A light aircraft conducting a French surveillance mission over the Mediterranean crashed soon after takeoff from Malta’s airport Monday, killing all five people on board, authorities said.
According to a video of the moment posted on Facebook, the twin-prop Fairchild Metroliner banked to the right and slammed into the ground in a huge fireball soon after lifting off at 7:20 a.m. (0520 GMT), sending a huge plume of black smoke into the air as passengers could be heard crying.
The incident led to closing Malta International Airport for several hours in what was the country’s worst peacetime air incident.
The flight was part of a customs operation the French have been conducting for the last five months, tracking human trafficking and drugs smuggling, the Maltese government said. Airport officials said the plane had been heading for Misrata in Libya.
It was a “reconnaissance aircraft … carrying out surveillance operations over the Mediterranean for the defense ministry,” French Defense Minister Jean-Yves Le Drian said.
The ministry said the victims — three defense ministry officials and two private contractors — had been conducting a surveillance operation. Malta’s government said the flight was part of a French Customs operation tracing routes of illicit trafficking, both of humans and drugs, leaving Libya’s lawless coasts.

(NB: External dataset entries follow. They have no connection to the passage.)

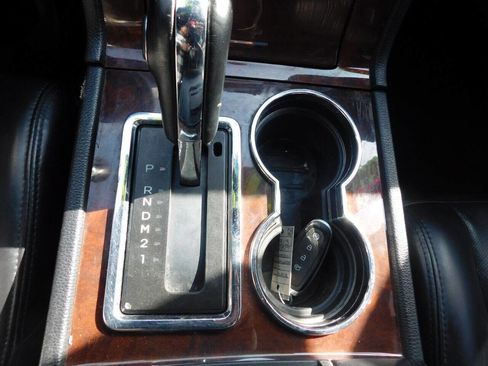 Used 2017 Lincoln Navigator L Select image 32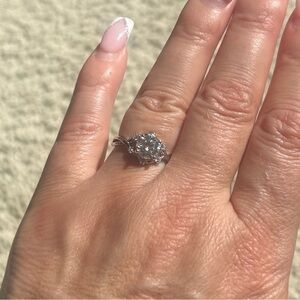 Elegant Silver moissanite Ring. Size 6
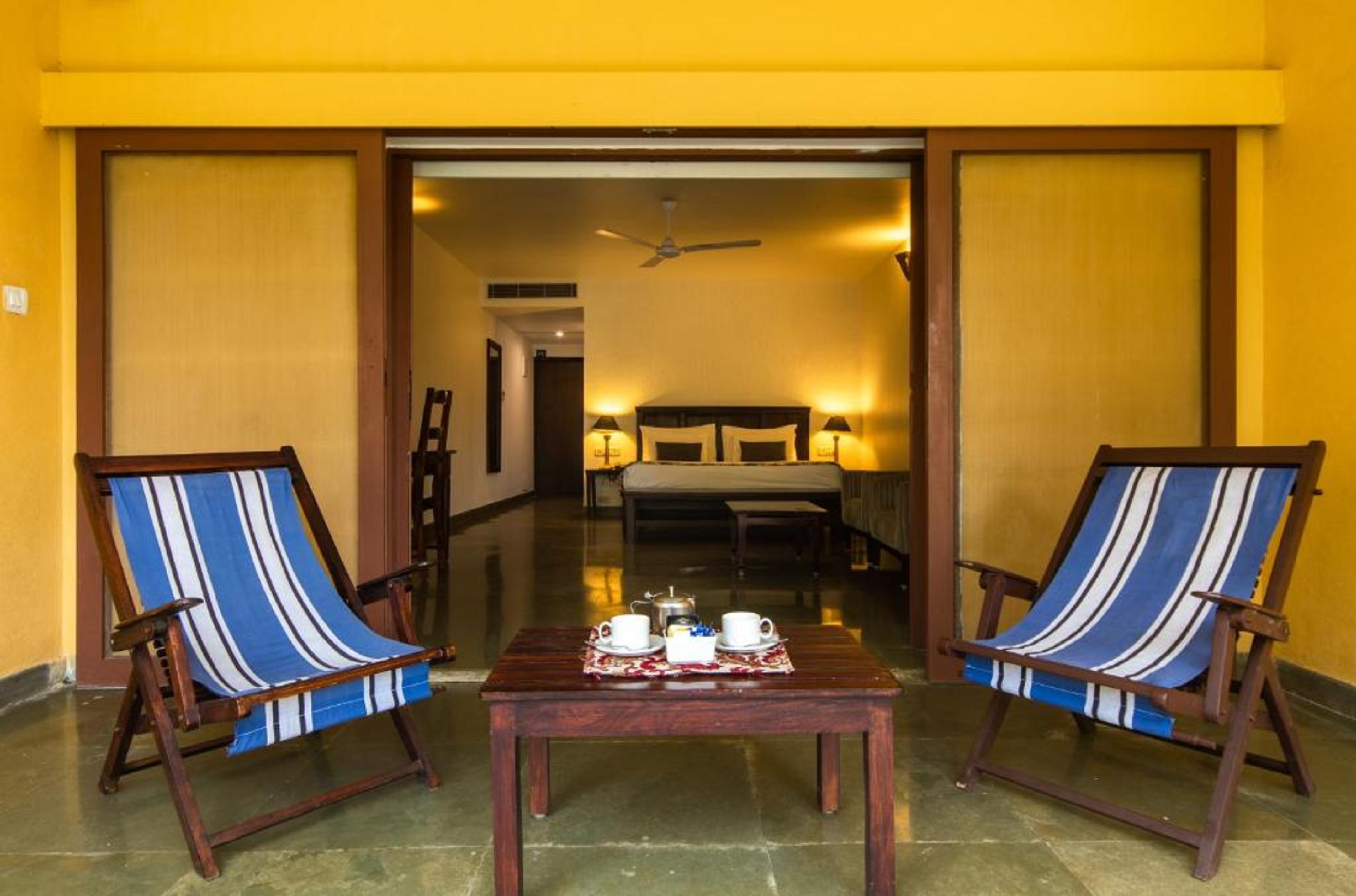 Double or Twin One Bedroom One Bathroom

“Official information, footage and eyewitnesses … clearly indicate that there was no explosion prior to impact,” the government said.

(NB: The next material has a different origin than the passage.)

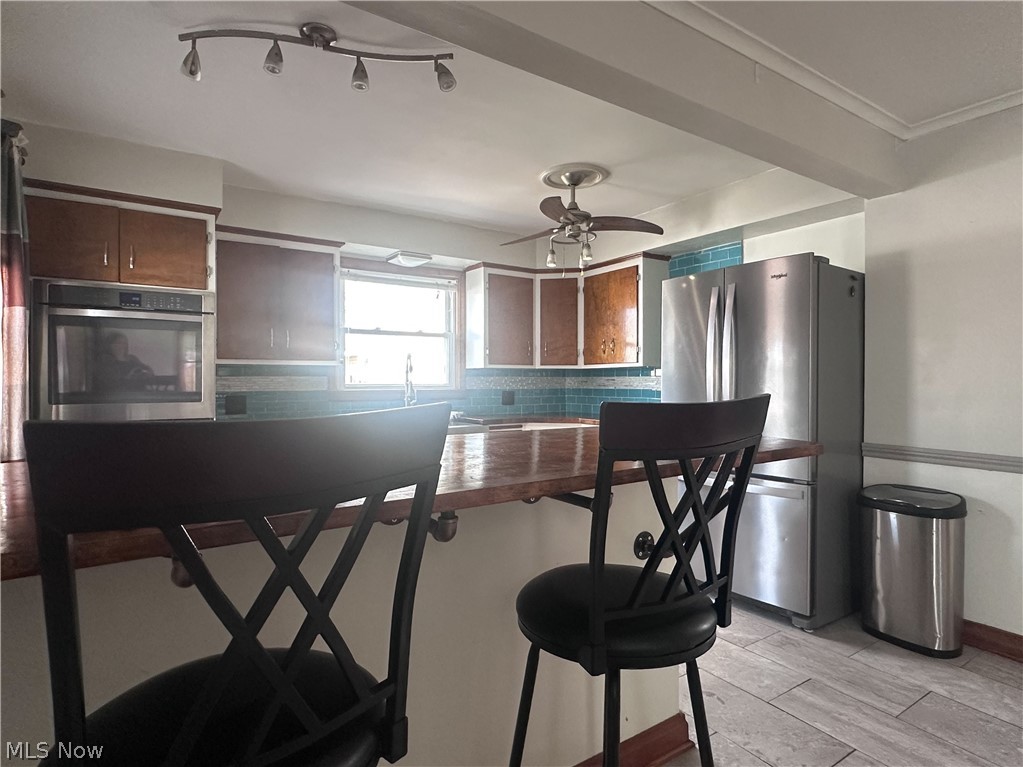 Townsend Villa - Residential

The flight was registered as local with Malta Air Traffic Services and was due to return to Malta within hours without landing in any other countries, the government said.
Airport sources initially said the plane was believed to be carrying officials from European Union border agency Frontex, but the organization later said none of its staff were involved.
Federica Mogherini, the EU Commission Vice President and high representative for foreign affairs and security policy, also said no other EU officials were involved, adding: “The flight was not related to any of the EU activities.”
The plane was registered in the United States and was leased to Luxembourg-based CAE Aviation.
CAE Aviation said the plane was not operating on behalf of Frontex or the Luxembourg government.